Walking and biking routes in the Tweed Valley closed to the public due to safety concerns after high winds battered the region in November.
But Conservative MP David Mundell has voiced fears of tourism opportunities “slipping away” if the trails remain shut.
“Everyone will understand the need to close the forests in the aftermath of Storm Arwen in the interests of public safety, and the need to make a full assessment of the damage caused before beginning clear-up operations,” said the representative for Dumfriesshire, Clydesdale and Tweeddale.
“However, as those local businesses who have contacted me have pointed out, the Tweed Valley forests are one of the bedrocks of the local economy here in Tweeddale and there is an urgent need to get walking and mountain biking trails safely re-opened as quickly as possible to ensure that tourism opportunities do not slip away.”
Mr Mundell says he wants to meet with officials from Forestry and Land Scotland (FLS) in the coming weeks to discuss the matter.
He said: “I am seeking a meeting with them in the New Year both to be updated on progress being made and to make the case for every effort to be made to get local walking and biking trails re-opened as a matter of real urgency.”
A spokesperson from FLS said: “The damage that Storm Arwen caused was significant across the south of Scotland and we have hundreds of miles of paths and mountain biking trails which have been impacted to some degree. We are already beginning to open up some trails, including in the Tweed Valley, but others will not re-open until the New Year.
“We fully appreciate the importance of the trail network to tourism in the area and agree that it is important for the local community and for local businesses that the trails are re-opened as soon as possible, that’s why, along with access to peoples properties, we have been prioritising this work since the storm.”
They added: “We’ve been working hard for several weeks now to make that happen, surveying trails, and then organising and carrying out the work the work to get them safely cleared.

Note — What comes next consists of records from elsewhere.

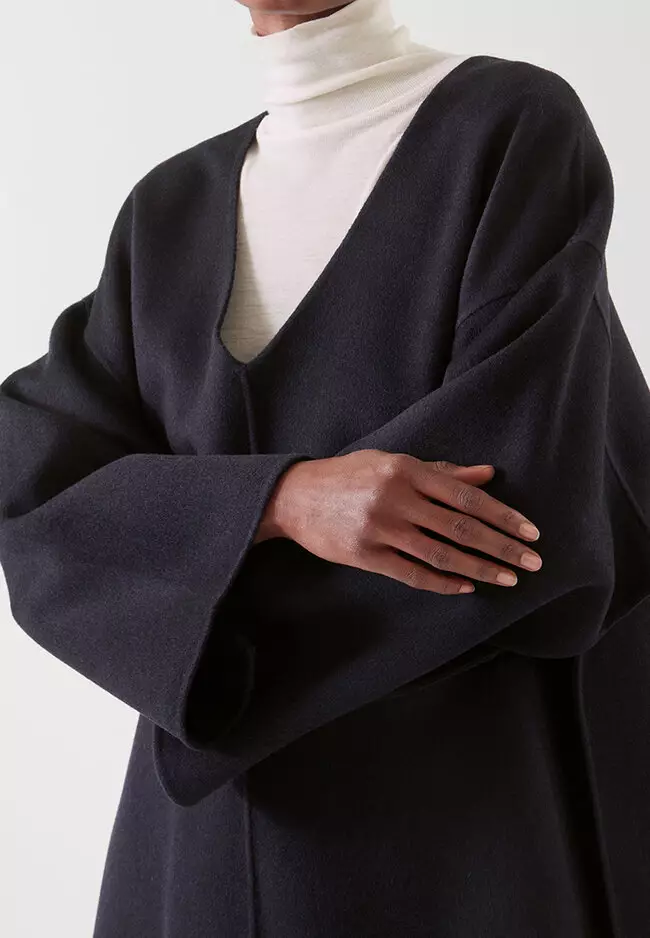 nha518です！美品✨COS V-NECK WOOL CAPEウール V-NECK DOUBLE-FACED WOOL DRESS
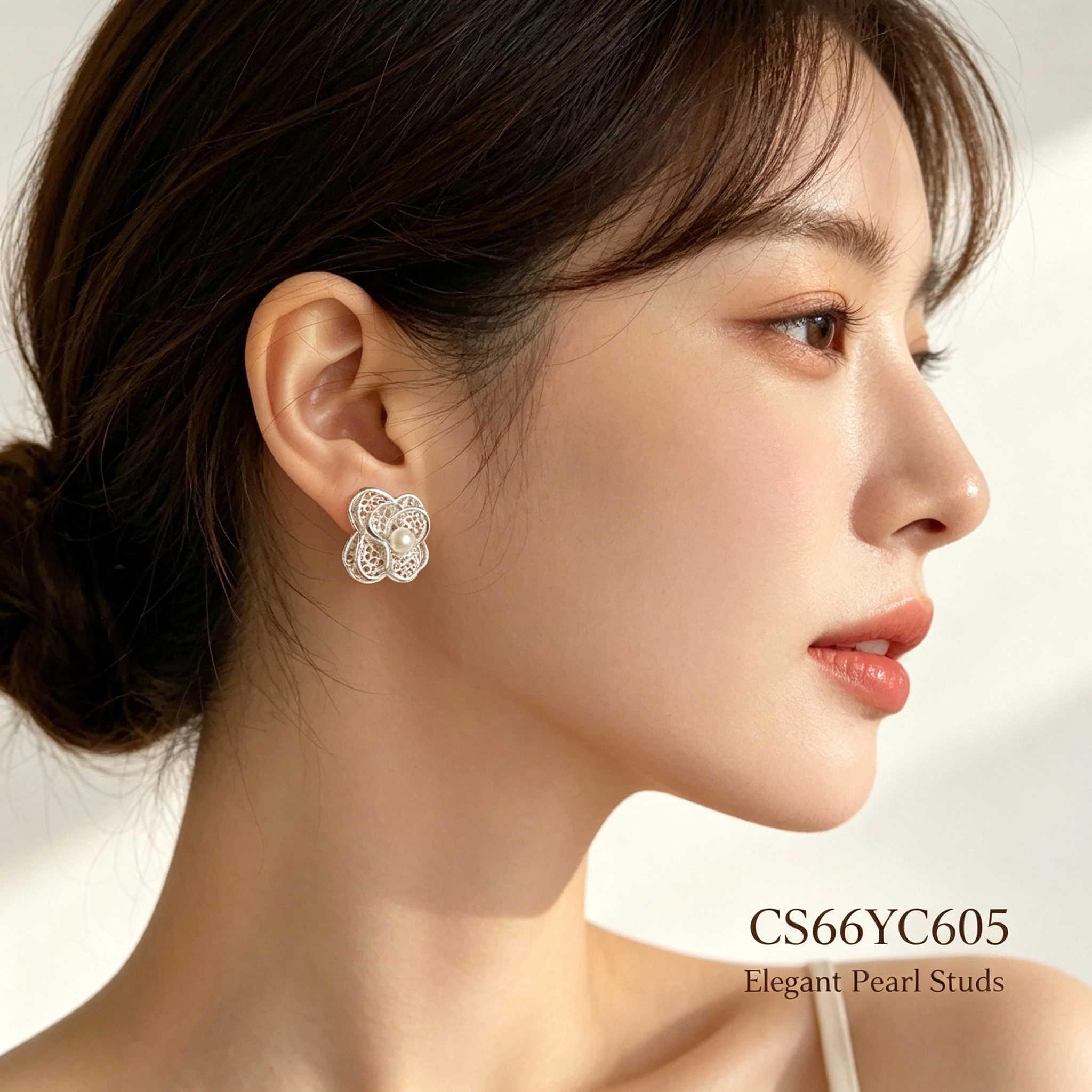 Spring Shi Original Silver Hollowed-out Flower Pearl Stud 925 Silver Earrings Set Specification image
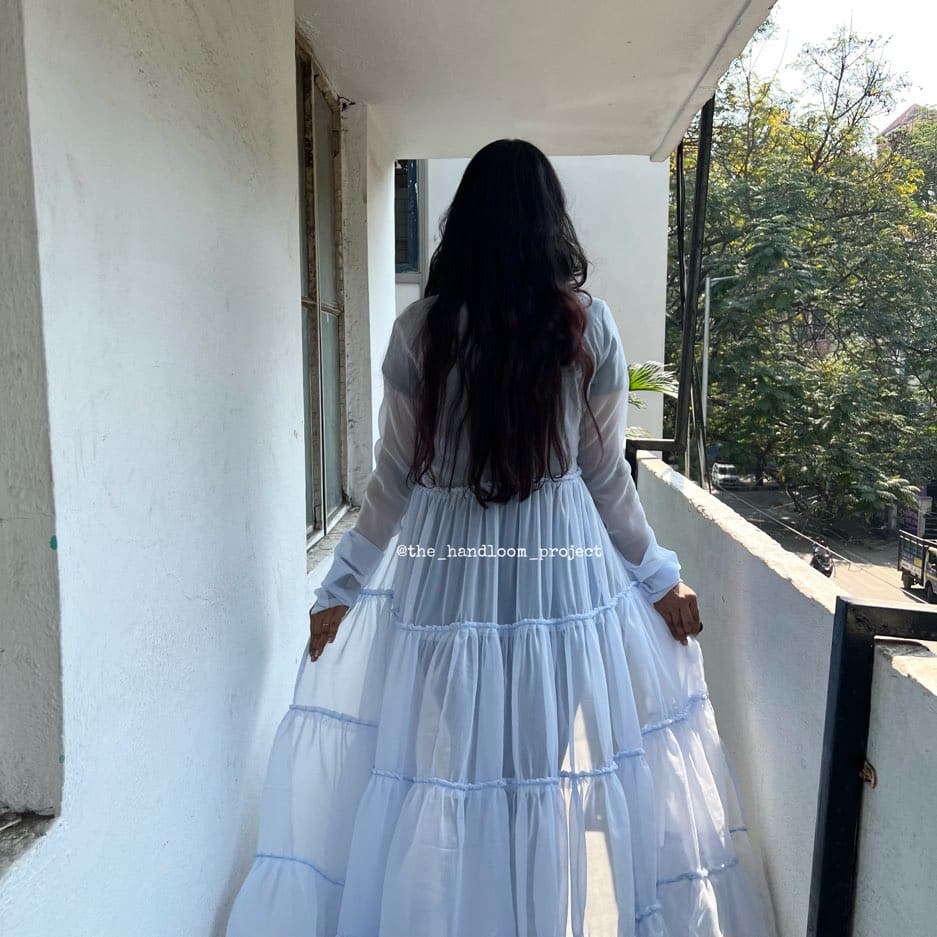 Blue 4 tier georgette coat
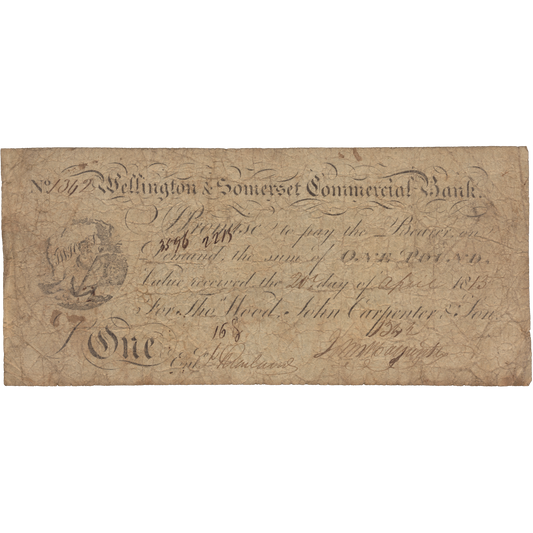 Wellington & Somerset Commercial Bank 1813 £1 banknote Outing 2308a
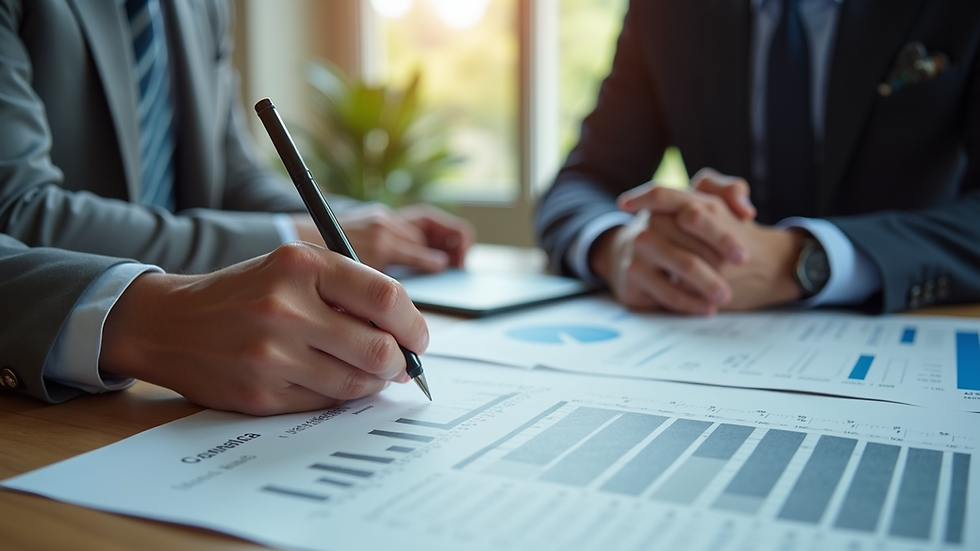 Eye-level view of a business consultant discussing plans with a client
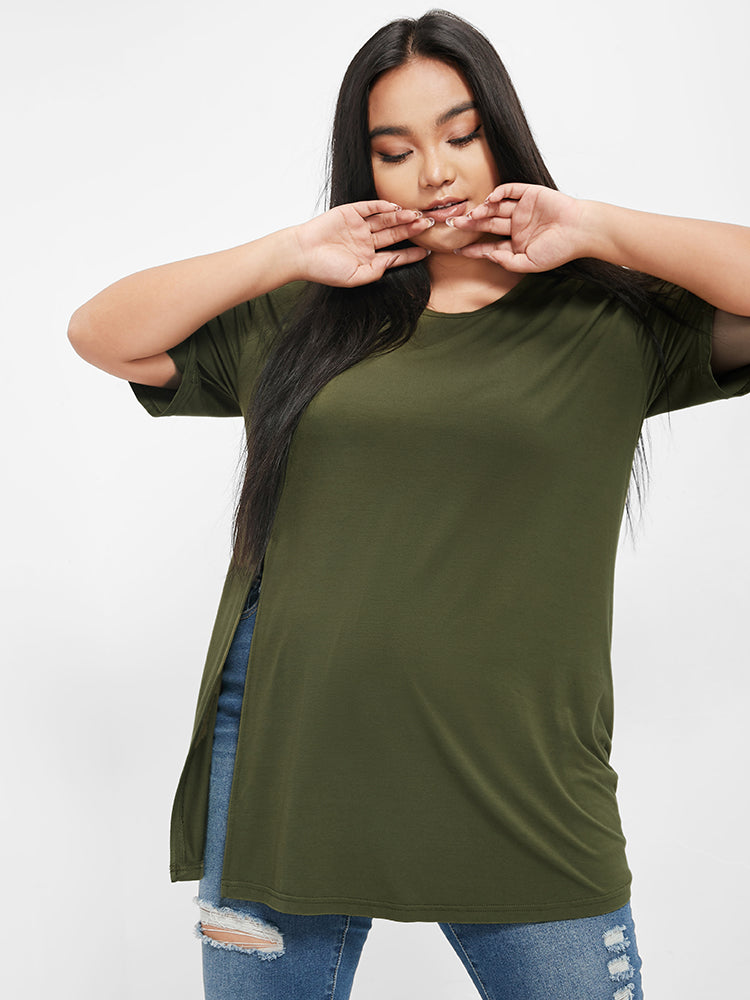 Solid Split Hem T-shirt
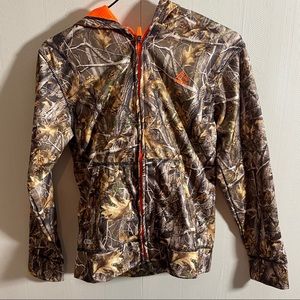 Reebok Dri Fit, Camouflage and hunter orange Zip Up Hoodie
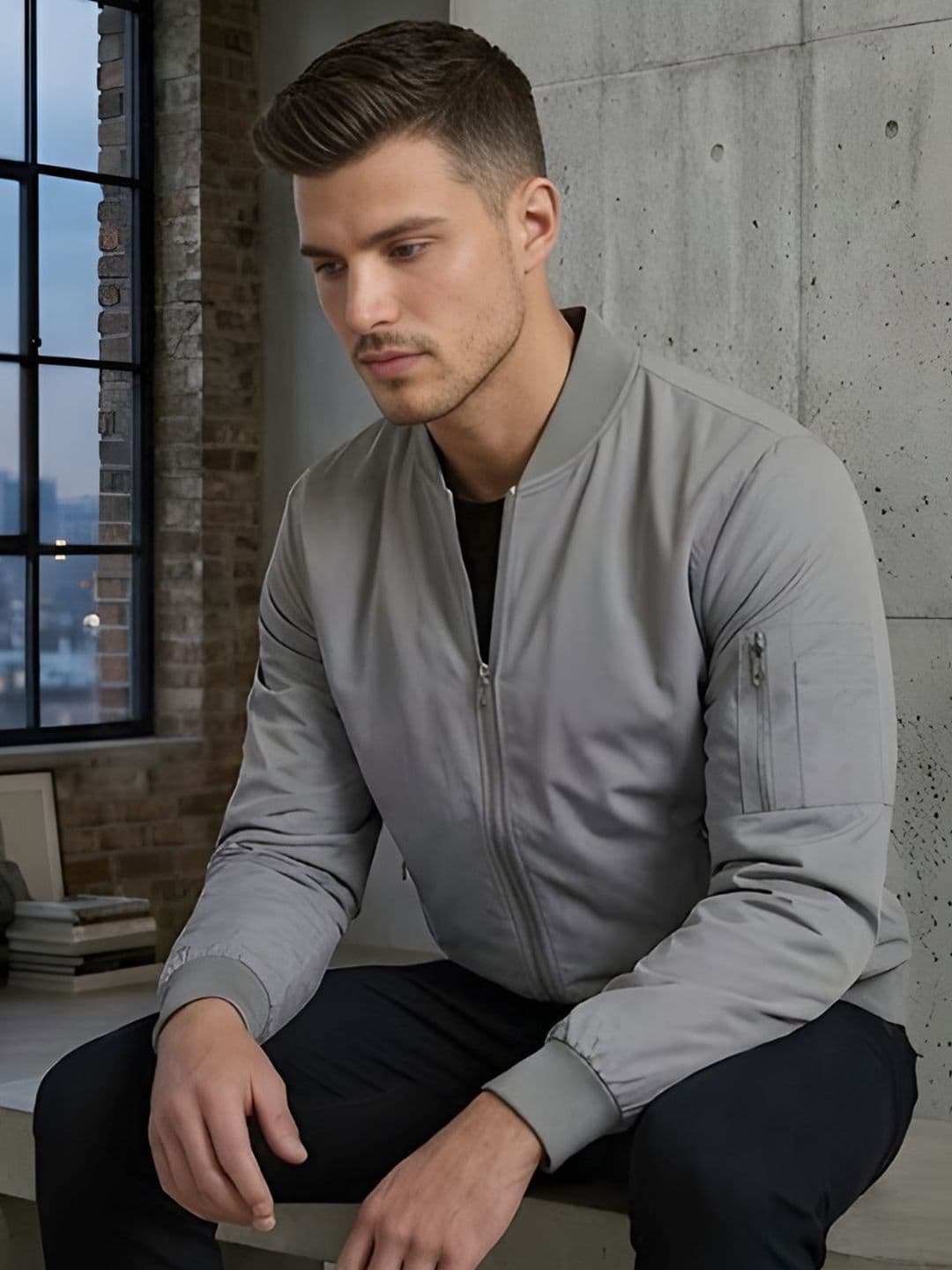 MIA FASHION Men Stand Collar Windcheater Biker Jacket - view 1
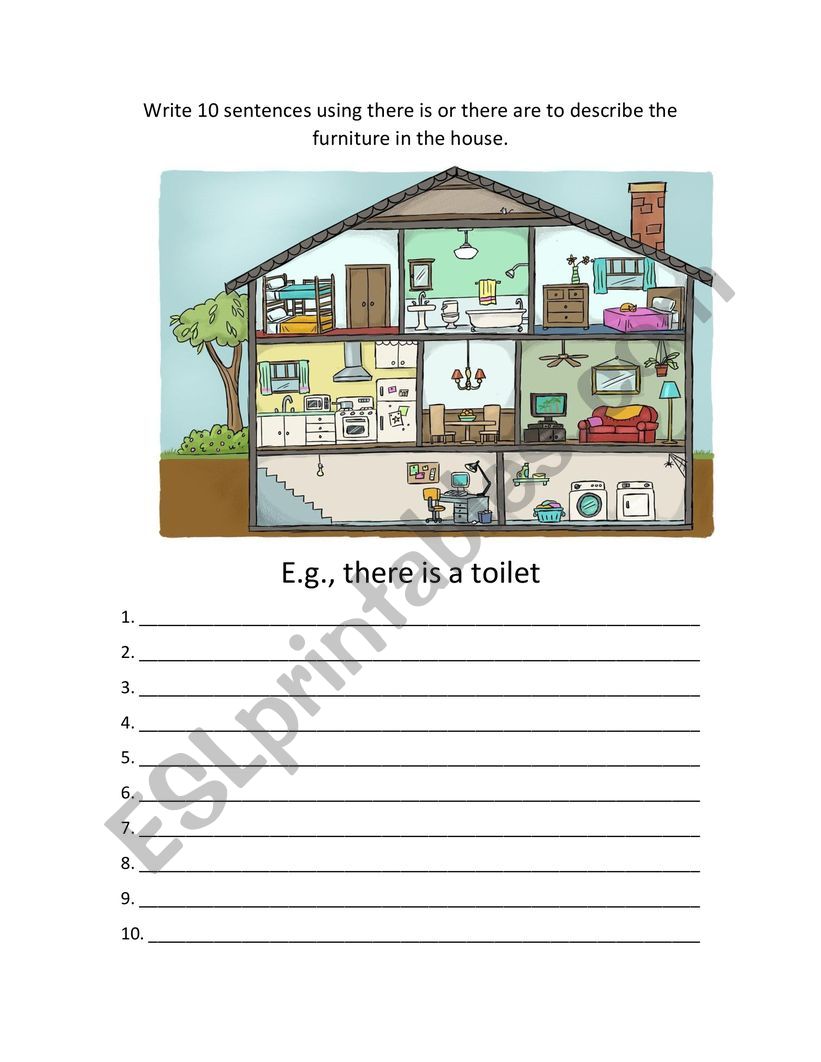 There is / there are house worksheet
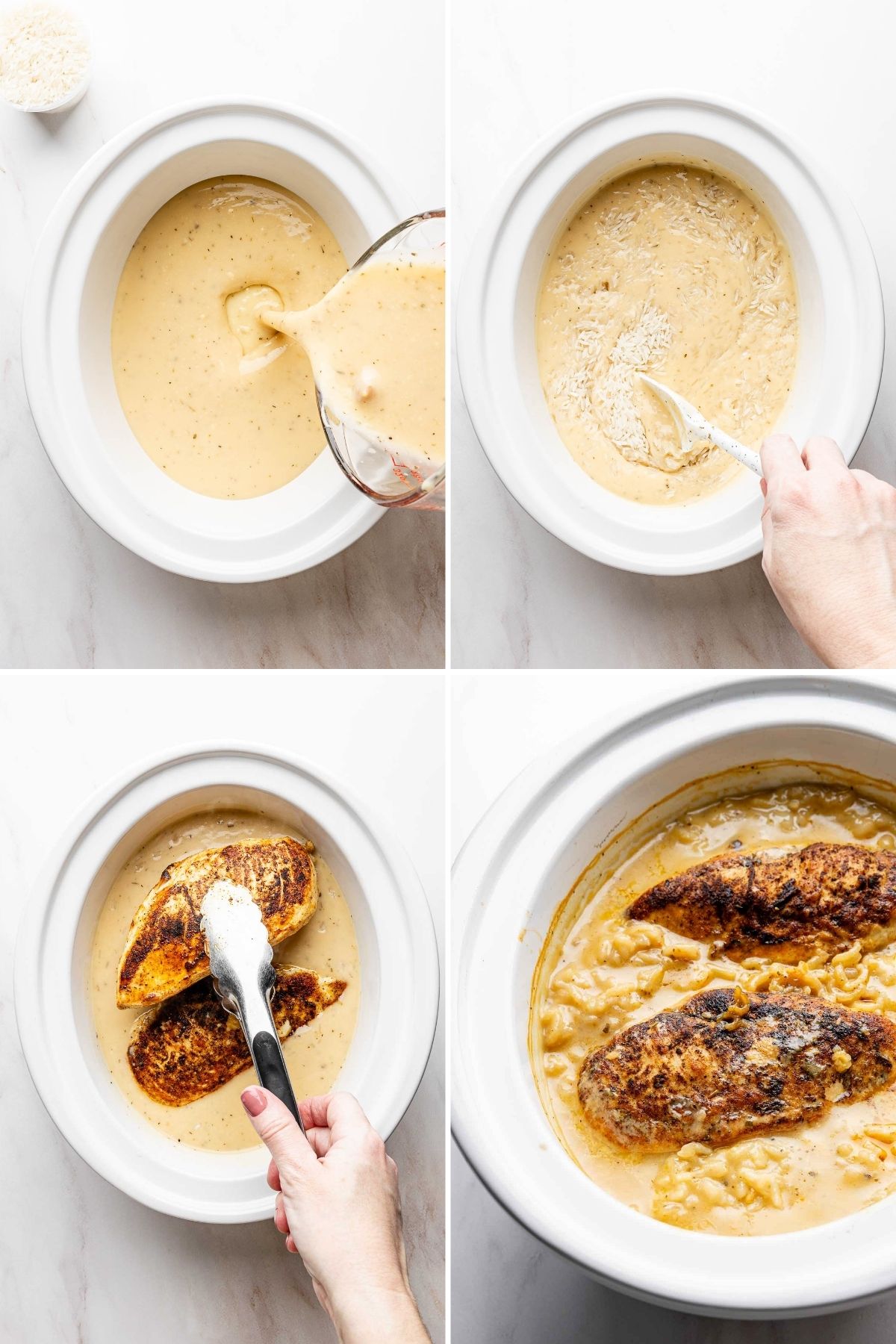 Collage showing: pouring cream soup mix into crock pot, stirring in rice, hand with tongs placing browned chicken on top, and finished creamy casserole.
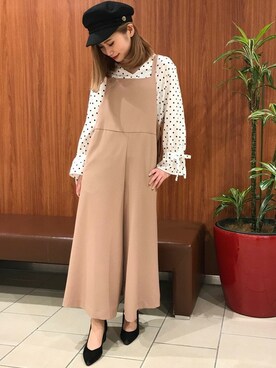 「INGNI（イング）のアイテム（オールインワン・サロペット）」を使った、INGNI（イング）さん（レディース・157cm）の春コーディネート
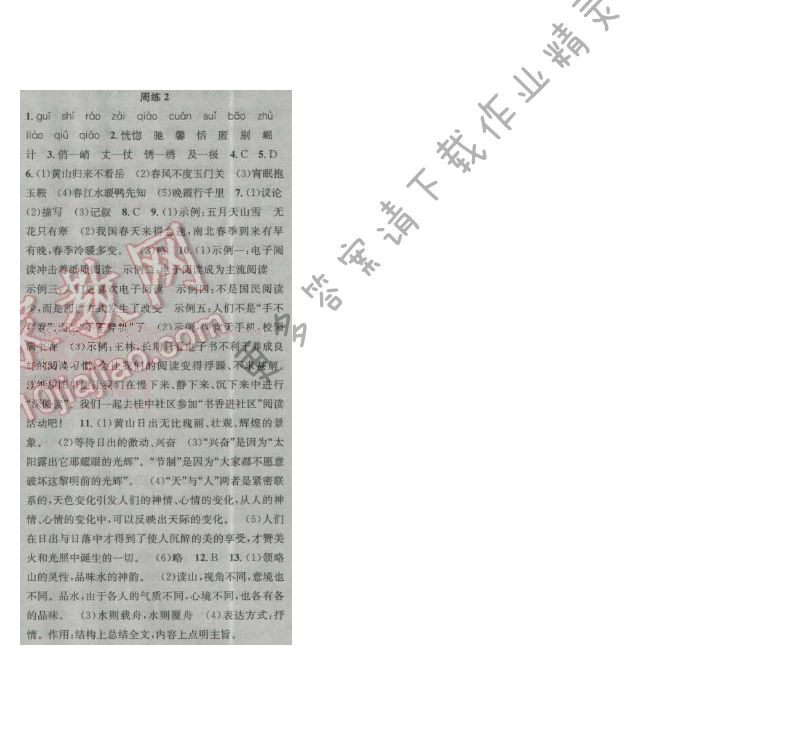 提优训练非常阶段123九年级语文上册江苏版 周练2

We appreciate that people are keen to get back out into the forest, we want that to happen as soon as possible to, but this work can be a dangerous and demanding job, it needs to be done carefully and by competent and experienced people and equipment. Fallen trees might look to be solidly on the ground or stacked across each other but they can slip, pivot, roll or fall at the slightest disturbance. Trails will progressively reopen as we make them safe – several will be open from Thursday (yesterday) – and anyone thinking of visiting any of our forests should check our website for the latest updates on sites that are open and those that remain closed.”